What became increasingly clear to some financial experts after the new futures were introduced was that profits could be made by capitalizing on the gaps in price between stock index futures contracts, such as the Standard & Poor's 500, and the 500 individual stocks that make up the average. In addition, lower financial requirements in the futures markets encouraged institutional investors who owned stocks to sell futures, rather than stocks, to preserve profits in a declining market.

Futures trading has become so popular that the value of stocks represented by the futures traded on the Chicago Mercantile Exchange each day averages about twice the value of the actual stocks traded on the New York Stock Exchange, the report said.

"As with people in a theater when someone yells 'Fire!,' these sellers all ran for the exit in October, but it was large enough to accommodate only a few," the Brady report said.

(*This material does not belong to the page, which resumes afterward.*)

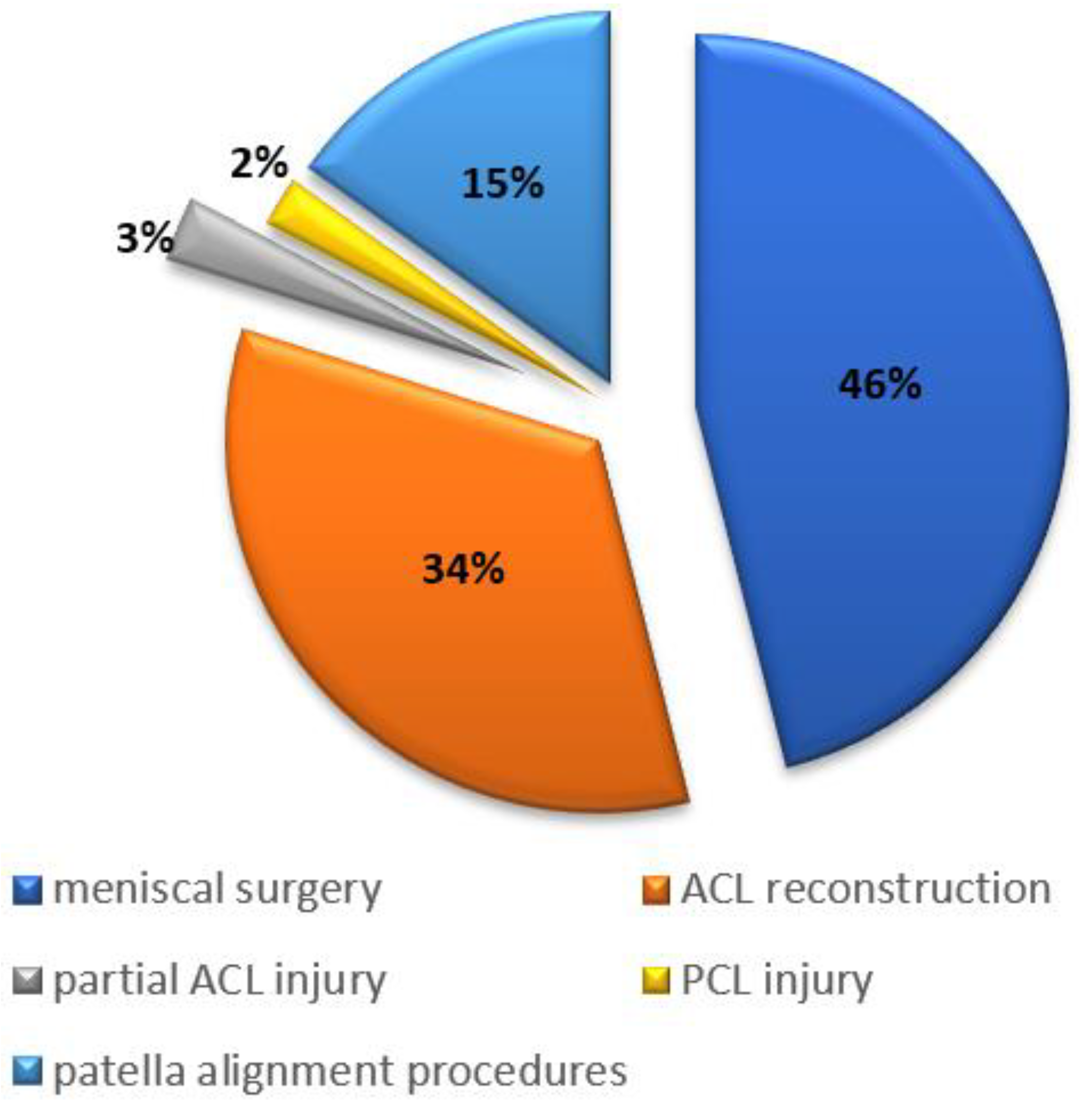 Medicina 54 00021 g001 550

The small investor who owns individual stocks is affected by the psychological blows to market confidence caused by extreme price movements. In addition, because the program trading strategies sometimes involve simultaneously purchasing massive quantities of futures contracts and selling hundreds of individual stocks, individual stocks can be depressed.

The institutional investor employing these strategies has no interest in the prices of individual shares, only in the overall arithmetical relationship between the broad stock averages and the futures. As a result, stocks that are in the averages, and that includes all of the biggest companies traded on the New York Stock Exchange, gyrate wildly, as they did last October and last Friday, without regard for the prospects of individual companies or industries.

Selling pressure from this activity on Oct. 19, when the market plunged, and on Oct. 20, when the financial system nearly ground to a halt, was generated by a small number of institutional investors and money managers, the report said. The result was chaos when the stock and futures markets traded independently as both went into a free fall.

"A number of failures of the one market system contributed to the violent break of the separate market segments in October and pushed the country to the brink of the financial system's limits," the report said. "When our markets fluctuate 50, 60, 70 points, that is no longer a rational market," said American Stock Exchange Chairman Arthur Levitt Jr. "That is frightening public customers. I think there is a tremendous nervousness out there."